La notizia che quest’anno ha scosso il mondo della pallacanestro è stata quella dell’addio di Kevin Durant ad Oklahoma City. Sembrava deciso a rimanere, nulla poteva fargli cambiare idea, solo il pensiero di poter finalmente vincere un titolo con Westbrook e soci gli dava le giuste motivazioni per restare nella città che lo ha cresciuto negli ultimi 8 anni non solo a livello sportivo, ma anche umano.
Poi, però, l’incontro con i dirigenti di Golden State ha cambiato tutto.

Chiunque ha espresso il proprio pensiero in merito a questa scelta del #35 oggi dei Warriors, perfino Tracy McGrady, che ai microfoni di Complex Sports ha dichiarato: “Non sono deluso del fatto che lui abbia lasciato OKC, voglio dire è un free agent, può andare dove vuole. Penso soltanto che se fai parte di una squadra arrivata al punto d’essere in vantaggio 3-1 sui campioni in carica, il fatto che recuperino e ti sconfiggano, non può che darti delle buone ragioni per riprovare a batterli.”
“Se giochi con un playmaker da Top 5 nella lega, Westbrook, ed altri ottimi giocatori come Ibaka, sei in una squadra da titolo. Hanno dimostrato di essere superiori ai Warriors, e la decisione di Kevin non l’approvo per questo motivo.”
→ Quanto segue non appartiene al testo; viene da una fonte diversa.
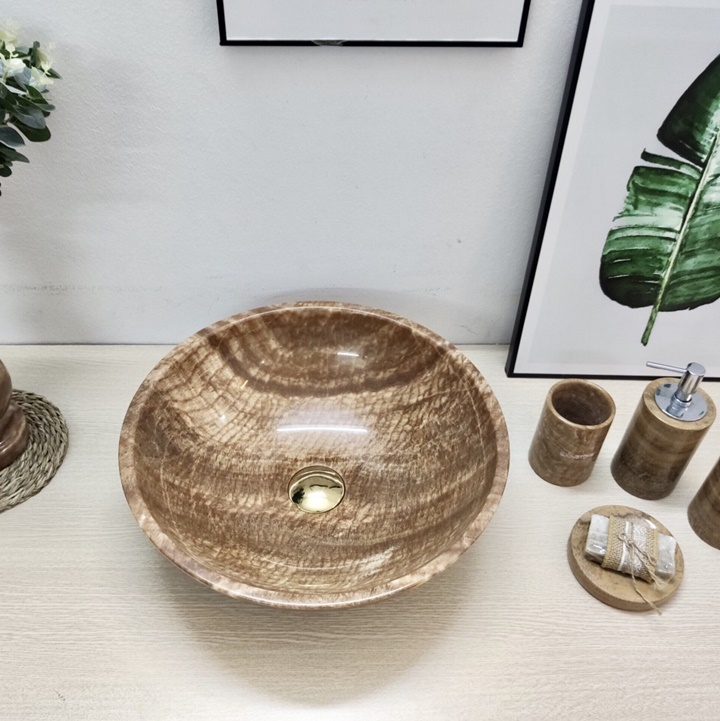 Chậu Lavabo Đặt Bàn Đá Tự Nhiên D004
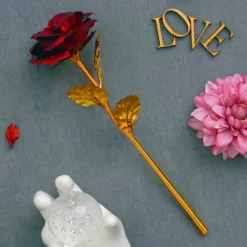 24K Golden Touch Red Rose2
Riguardo le “super squadre“, invece, ha detto: “Sono terribili. Hanno provato ad evitare queste situazioni, ma considerato che adesso il salary cap salirà non sarà più possibile, perché le squadre adesso avranno molto più denaro da spendere per i giocatori. Ai miei tempi, per fare degli esempi, io ero la stella degli Orlando Magic, Paul Pierce quella dei Boston Celtics, Iverson dei Sixers, Allen dei Bucks e Carter dei Raptors. La lega era molto più competitiva perché tutti quanti cercavano di fare meglio degli altri, a volte anche non facendo gioco di squadra.”